Leander stared. Briefly, he was nonplussed. Briefly, Dion enjoyed it.

“I see you are nonplussed,” he said. “What’s the problem, matey? Did you forget to bring your snuff box?”

Leander so far forgot himself as to speak with a mouthful of Danish sausage. A small shower of protein accompanied his words. “You are no longer afraid of dying?” he enquired.

“Correction. I am permanently afraid of dying. I am possibly the most devout coward in the business. But most of all, fellow poltroon, I am afraid of not living. You and your Lost Legion are providing some slight interference with my plans for living. Therefore, let us settle the matter amicably by making me dead. Now, where the hell is your snuff box? At this point, death could be highly advantageous, since the cider is now finished.”

“The contingency planning was at fault,” apologized Leander. “I forgot to bring it. Who could have known that at the very apex of achievement—if you will permit such highflown verbiage—you would want out?”

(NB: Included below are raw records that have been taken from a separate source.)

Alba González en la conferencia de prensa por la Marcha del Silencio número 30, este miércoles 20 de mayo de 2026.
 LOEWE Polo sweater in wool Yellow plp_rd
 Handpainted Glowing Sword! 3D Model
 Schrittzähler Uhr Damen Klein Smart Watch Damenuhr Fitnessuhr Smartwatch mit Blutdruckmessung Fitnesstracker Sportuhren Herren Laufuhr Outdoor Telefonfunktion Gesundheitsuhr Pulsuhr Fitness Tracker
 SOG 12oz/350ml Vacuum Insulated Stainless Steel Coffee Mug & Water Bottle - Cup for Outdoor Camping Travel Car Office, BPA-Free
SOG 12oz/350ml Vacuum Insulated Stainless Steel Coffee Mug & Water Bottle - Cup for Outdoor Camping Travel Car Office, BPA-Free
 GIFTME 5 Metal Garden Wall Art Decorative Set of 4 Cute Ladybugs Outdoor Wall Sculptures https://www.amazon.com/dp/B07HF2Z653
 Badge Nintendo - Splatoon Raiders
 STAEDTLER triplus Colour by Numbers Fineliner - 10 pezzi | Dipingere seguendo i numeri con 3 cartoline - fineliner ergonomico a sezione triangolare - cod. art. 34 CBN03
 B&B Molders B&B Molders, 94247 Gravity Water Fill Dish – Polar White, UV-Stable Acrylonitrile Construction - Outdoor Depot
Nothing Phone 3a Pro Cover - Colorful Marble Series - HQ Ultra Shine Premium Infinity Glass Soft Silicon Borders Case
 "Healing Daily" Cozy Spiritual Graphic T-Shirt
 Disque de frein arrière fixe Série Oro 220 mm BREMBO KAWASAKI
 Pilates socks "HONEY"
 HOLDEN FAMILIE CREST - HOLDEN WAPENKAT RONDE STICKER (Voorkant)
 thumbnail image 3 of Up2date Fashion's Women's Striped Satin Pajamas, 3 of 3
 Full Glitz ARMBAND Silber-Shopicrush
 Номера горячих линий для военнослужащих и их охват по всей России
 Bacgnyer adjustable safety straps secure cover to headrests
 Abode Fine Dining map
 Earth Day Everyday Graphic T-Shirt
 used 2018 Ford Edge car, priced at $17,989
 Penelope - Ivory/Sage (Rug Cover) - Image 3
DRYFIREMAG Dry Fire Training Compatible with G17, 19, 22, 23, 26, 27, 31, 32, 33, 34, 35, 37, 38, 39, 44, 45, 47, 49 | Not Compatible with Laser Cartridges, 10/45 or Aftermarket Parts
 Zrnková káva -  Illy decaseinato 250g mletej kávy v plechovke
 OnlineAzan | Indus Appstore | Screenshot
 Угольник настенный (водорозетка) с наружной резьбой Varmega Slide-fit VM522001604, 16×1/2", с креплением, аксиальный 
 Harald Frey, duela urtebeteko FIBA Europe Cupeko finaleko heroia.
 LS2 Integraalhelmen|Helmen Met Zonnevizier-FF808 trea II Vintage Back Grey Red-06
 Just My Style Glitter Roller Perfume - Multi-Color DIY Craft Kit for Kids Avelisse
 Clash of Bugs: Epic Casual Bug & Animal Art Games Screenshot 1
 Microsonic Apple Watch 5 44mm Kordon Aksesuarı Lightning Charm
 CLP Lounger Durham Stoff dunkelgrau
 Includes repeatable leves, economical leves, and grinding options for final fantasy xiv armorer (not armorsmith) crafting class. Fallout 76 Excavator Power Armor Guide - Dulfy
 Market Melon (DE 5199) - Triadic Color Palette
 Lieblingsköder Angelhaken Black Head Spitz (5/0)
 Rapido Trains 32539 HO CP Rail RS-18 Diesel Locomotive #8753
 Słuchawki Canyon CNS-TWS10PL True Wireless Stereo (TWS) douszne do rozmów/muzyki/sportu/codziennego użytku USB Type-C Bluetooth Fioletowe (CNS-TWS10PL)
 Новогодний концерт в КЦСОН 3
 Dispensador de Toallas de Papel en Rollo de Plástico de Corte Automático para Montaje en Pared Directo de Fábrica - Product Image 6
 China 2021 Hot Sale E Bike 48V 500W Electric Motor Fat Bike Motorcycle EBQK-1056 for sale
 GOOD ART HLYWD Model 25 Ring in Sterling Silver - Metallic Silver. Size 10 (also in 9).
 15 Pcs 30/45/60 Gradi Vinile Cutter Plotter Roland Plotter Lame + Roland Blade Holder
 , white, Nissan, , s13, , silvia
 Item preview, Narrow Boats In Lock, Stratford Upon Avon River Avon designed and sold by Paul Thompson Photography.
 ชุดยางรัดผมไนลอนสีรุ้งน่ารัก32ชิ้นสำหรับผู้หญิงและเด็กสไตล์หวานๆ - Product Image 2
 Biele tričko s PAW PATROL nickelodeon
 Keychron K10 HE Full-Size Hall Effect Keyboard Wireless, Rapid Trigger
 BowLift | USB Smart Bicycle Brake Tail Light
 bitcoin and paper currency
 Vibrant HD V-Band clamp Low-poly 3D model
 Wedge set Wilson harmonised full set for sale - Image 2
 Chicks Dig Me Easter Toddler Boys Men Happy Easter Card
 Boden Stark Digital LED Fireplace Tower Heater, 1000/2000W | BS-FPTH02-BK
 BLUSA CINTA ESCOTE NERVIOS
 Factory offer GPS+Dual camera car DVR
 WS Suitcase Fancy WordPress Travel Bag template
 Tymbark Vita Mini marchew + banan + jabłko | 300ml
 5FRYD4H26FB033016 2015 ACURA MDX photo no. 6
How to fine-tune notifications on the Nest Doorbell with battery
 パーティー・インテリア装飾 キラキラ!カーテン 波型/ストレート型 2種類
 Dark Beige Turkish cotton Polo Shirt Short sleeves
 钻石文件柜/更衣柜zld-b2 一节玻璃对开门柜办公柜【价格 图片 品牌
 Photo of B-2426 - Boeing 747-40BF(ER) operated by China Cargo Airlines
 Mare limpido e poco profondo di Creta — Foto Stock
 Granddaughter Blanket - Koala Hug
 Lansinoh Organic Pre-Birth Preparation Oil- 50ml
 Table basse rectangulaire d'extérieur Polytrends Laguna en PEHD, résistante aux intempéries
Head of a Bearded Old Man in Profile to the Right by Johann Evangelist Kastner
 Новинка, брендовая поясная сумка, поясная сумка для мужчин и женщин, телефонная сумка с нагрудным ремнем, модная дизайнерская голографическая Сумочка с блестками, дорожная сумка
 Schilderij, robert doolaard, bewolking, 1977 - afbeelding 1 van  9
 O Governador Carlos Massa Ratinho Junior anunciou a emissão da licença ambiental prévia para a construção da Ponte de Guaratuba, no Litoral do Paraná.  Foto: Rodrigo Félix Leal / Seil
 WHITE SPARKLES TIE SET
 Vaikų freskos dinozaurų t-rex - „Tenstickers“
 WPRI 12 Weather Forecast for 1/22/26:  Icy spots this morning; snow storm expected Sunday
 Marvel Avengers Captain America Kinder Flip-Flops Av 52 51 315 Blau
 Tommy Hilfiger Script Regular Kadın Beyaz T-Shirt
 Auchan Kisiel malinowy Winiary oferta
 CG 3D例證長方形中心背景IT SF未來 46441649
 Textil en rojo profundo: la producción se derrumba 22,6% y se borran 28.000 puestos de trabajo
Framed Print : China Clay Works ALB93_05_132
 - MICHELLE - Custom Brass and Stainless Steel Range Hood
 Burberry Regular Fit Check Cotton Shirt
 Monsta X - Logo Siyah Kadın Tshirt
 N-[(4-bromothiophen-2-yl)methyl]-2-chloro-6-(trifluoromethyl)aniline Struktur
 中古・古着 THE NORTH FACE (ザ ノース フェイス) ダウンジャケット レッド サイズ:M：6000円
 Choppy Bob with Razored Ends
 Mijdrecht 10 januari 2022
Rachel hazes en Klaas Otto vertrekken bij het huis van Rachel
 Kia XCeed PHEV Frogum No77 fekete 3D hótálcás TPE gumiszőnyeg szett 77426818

“So much for the master planners of the Lost Legion,” observed Dion contemptuously. “No doubt, you expected
me to weep tears of gratitude for mere survival… I’ve had enough, drybones. I know what your worst is, so kindly go back to base and do it.”

“What about the future of mankind?”

“Compress it, stuff it and extrude it.”

“What about the delectable Juno?”

“Likewise.”

“Ha,” said Leander thoughtfully. “There has to be.”

“There has to be what?”

“An Achilles’ heel.”

“Then find it.”

“We will, dear necrophile, we will. You represent too high a capital investment to be cancelled lightly. There are ways—there must be ways—of bringing you to heel.”

Dion stretched, and gazed benevolently at his companion. “I could kill you here and now… I could solve the problem for both of us.”

Leander looked at him curiously. “Then why don’t you?”

“For three quite stupid reasons.”

“The first?”

“I am a fool.”

“The second?”

“You are a fool.”

“The third?”

“There is already a dearth of males.” Dion stood up and reached for his jet pack. “After all, one should not make life too easy—or too difficult—for the doms. Thank you for the fun session. It was less elevating than was formerly supposed; but, no doubt, the aftermath will occasion a slight tremor… Don’t call me. I’ll call you… If I ever get so drunk or bored that I can’t think of anything better.”

He lifted from the hillside with a blast from the jets that rolled Leander head over heels.

At one hundred feet he stabilized, then turned east for an exhilarating hedgehop back to London. He wondered vaguely why he had begun to think of London as home.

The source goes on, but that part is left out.